The Infinite Variety of Marmalade

Last year was the first time I made marmalade. I made one large batch and considered the job done. We ran out in March. So this year, clearly, I need to make a lot more.

My plan is to make a virtue of this problem and try out a number of different recipes until I find one that I can call my own.

Having already made one batch of my mother’s recipe, I thought I’d do a definitive, classic Seville orange recipe to establish a control group before venturing down any other paths. So I went looking for such a recipe – and discovered that there is no such thing.

Julian Barnes already knew this.

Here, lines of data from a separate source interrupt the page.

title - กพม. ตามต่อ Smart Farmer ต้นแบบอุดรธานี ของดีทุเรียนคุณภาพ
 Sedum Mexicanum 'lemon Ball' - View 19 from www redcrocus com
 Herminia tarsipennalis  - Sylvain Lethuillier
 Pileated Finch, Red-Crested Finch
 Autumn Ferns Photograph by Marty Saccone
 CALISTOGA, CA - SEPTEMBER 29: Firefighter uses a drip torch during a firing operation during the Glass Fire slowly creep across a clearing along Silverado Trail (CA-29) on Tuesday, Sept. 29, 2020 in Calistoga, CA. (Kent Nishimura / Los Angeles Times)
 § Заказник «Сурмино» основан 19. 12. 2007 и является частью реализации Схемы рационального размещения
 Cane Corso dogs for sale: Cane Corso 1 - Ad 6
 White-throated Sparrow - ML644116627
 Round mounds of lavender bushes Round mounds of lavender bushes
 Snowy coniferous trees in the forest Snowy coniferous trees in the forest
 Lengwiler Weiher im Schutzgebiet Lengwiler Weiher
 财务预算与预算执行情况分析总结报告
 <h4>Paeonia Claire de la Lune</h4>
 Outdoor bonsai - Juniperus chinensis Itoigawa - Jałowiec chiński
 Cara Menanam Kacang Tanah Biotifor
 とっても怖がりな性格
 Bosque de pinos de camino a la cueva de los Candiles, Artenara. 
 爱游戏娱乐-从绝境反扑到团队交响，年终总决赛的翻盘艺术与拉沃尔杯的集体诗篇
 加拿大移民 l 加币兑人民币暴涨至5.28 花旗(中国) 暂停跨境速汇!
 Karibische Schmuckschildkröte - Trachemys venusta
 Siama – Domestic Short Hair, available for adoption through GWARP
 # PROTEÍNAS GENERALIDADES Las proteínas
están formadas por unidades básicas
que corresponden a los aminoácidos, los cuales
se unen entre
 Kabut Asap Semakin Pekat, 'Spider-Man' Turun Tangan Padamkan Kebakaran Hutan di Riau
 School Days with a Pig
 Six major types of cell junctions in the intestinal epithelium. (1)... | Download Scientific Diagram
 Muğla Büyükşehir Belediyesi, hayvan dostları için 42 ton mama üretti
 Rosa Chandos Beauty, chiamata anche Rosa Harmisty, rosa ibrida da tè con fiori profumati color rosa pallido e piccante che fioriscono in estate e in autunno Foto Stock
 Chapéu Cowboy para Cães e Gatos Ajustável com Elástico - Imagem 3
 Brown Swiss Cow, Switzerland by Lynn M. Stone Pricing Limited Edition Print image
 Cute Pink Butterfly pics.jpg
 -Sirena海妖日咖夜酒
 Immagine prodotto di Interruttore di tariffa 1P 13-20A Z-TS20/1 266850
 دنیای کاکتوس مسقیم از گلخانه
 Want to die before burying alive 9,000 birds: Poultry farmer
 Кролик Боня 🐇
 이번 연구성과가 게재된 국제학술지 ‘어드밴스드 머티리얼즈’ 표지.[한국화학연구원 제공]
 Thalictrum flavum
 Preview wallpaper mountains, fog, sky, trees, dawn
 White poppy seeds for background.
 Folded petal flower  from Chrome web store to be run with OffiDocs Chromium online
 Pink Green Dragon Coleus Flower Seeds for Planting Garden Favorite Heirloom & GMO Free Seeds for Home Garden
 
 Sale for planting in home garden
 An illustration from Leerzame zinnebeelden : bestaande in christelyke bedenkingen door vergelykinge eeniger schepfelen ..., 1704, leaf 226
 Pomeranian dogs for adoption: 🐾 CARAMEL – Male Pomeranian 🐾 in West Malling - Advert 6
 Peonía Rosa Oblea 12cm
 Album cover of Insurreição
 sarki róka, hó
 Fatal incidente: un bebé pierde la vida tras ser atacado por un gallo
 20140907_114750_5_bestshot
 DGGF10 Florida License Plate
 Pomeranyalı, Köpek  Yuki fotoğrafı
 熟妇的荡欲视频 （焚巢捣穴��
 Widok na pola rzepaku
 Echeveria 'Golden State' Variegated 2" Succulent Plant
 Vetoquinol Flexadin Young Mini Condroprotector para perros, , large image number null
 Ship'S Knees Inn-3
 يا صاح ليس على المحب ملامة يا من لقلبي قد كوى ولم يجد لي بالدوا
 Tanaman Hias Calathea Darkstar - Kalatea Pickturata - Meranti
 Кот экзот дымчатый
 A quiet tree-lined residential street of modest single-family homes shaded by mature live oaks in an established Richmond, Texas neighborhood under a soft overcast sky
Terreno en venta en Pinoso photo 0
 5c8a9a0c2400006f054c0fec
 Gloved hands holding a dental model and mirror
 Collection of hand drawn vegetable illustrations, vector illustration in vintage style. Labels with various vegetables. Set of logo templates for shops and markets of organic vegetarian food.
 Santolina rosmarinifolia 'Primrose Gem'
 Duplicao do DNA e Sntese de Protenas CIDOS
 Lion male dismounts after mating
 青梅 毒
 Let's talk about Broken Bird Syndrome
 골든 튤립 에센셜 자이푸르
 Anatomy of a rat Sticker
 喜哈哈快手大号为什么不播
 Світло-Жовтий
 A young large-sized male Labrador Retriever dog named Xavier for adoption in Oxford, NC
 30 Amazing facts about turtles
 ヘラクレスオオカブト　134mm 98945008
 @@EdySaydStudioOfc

In his book Pulse, while explaining the Marmalade Theory of Britishness*, one character observes of marmalade that ‘everyone does it differently and everyone thinks theirs is the right way’.

Having looked in vain for that one definitive recipe, I can now confirm that this is absolutely true. In fact, what I find is that most people faithfully follow their mother’s recipe and have no idea that there is another way.

For example, until I attended a marmalade-making demo recently at Fortnum’s, I had no idea that you didn’t need to use a muslin bag to put all your pips and pulp in. The cooks just chopped up all the fruit and peel, fished out the pips, and shoved everything back in the pan. Excellent marmalade and not a whiff of muslin anywhere. This was a revelation.

And after spending a day in Cumbria at the World Marmalade Awards this weekend, listening to people talk about how they make their marmalade, it’s clear that everyone has a slightly/completely different method to mine. It’s amazing that we all end up with the same thing.

Perplexed, I have just done a brief survey of a handful of my cookbooks. Between Agnes Jekyll, Constance Spry, Nigella Lawson, Prue Leith, Hugh Fearnley-Whittingstall and Delia Smith, all of whom can be trusted to do things properly, the methods vary enormously. Lids on or off, muslin or no muslin, pith in or out, warm sugar or cold, boil oranges first or peel them first… There seem to be no rules whatsoever.

This is going to be more interesting than I thought.

*The Marmalade Theory of Britishness
In Julian Barnes’s Pulse, Phil is trying to refute his friend’s theory that, thanks to the Euro and the EU etc., we’re all the same now – British, French, whatever. Phil disagrees and presents as his evidence a survey, which found that everyone makes marmalade slightly differently. Which for him means that while we think we’re all the same, underneath we’re in fact very different.

As a theory of Britishness, it’s a bit tenuous; but as an observation upon the making of marmalade, it’s spot on.

PS – A Definition of Marmalade
At the Fortnum’s demo, Jane Hasell-McCosh* gave out tasters of her marmalades, including a Kitchen Garden Marmalade, in which one of the ingredients is rhubarb. One of the audience asked if this was strictly marmalalade, as surely it had to be citrus. According to Jane, it depends what your local trading standards officer says. In Cumbria, it counts as marmalade, because it is primarily citrus; in another county it might not. And we won’t even get into what the EU thinks. I’m strangely delighted that Britain doesn’t appear to have a legal definition for one of its favourite foods. I will have to look into this.

*Founder of the World Marmalade Awards – I know I’ve mentioned them a lot recently, but they are the equivalent of the Marmalade Olympics, so they do tend to crop up a lot.